Richard Cilli and Claire Edwardes. All photographs © Heidrun Löhr
The metronomes begin clicking at slightly different tempi, gradually reaching a point where they synch with each other, then start to move out of synch again. Behind them, the performers move at a slightly different rhythm, moving hips, legs and arms in a contained, extended sequence. It’s an interesting but quite slow start to Recital, a new double act billed as “an unusual presentation of how movement sounds, and how sound moves.”
Recital, which is presented by FORM Dance Projects in association with Riverside Theatres in Parramatta, comes from a highly impressive team. The idea for the piece began with the two performers, internationally renowned percussionist Claire Edwardes, who is Artistic Director of Ensemble Offspring, and consummate contemporary dancer Richard Cilli, whose credits include several years with Sydney Dance Company. They approached choreographer/director Gideon Obarzanek and electro-pop composer Paul Mac and with the support of the Australia Council the four of them undertook a creative development phase in 2017, followed by a second development phase in 2018.
As they explain in the program notes, they wanted to investigate the differences and similarities of the two performers in a work that would extend “the limits of their performative abilities and their craft” in a piece where “musical ideas were portrayed physically, and dance ideas musically”.
The musical concepts of phase and polyrhythm – where two or more different rhythms are used simultaneously – underpin much of the choreography and the physical style of the production.

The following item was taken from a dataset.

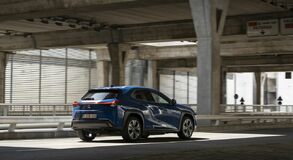 Lexus UX300e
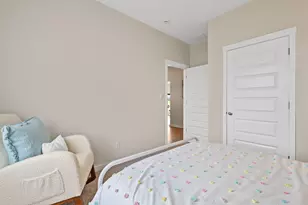 206 Cressmoor Blvd, Hobart, IN 46342 - Photo 17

With a recording of Mac’s engaging, seductive score playing behind certain sections, Edwardes plays her own compositions live on some unusual instruments: a Waterphone (resembling a giant head massager) which she plays with a bow to create high-pitched, rather creepy sounds; a row of silvery, metal, upside down cups with a bell-like sound played with mallets and a bow; a small instrument, based on a xylophone, glockenspiel and marimba, which combines wooden and metal keys; and three, round electronic drum pads for the uplifting finale.
Moving in response, Cilli seems to feel and embody the sound, which shakes his body and limbs, at times frenetically, rather than having him impose more obvious choreography to the music and soundscape. There is a section where the two of them walk, then run around the space, overtaking each other on the corners. There are also playful, amusing sections where they compete in a hand-slapping game, and later wrestle with each other.
At present, it feels that there are lots of interesting ideas in Recital that need further development to create something more dynamic, layered, intriguing and involving. Both performers are fascinating to watch, but the piece needs to go further in developing a language where sound and movement really do intertwine to become something different. So plenty of potential, but further to go.
Recital has a performance at the Riverside Theatres, Parramatta this evening at 7.45pm.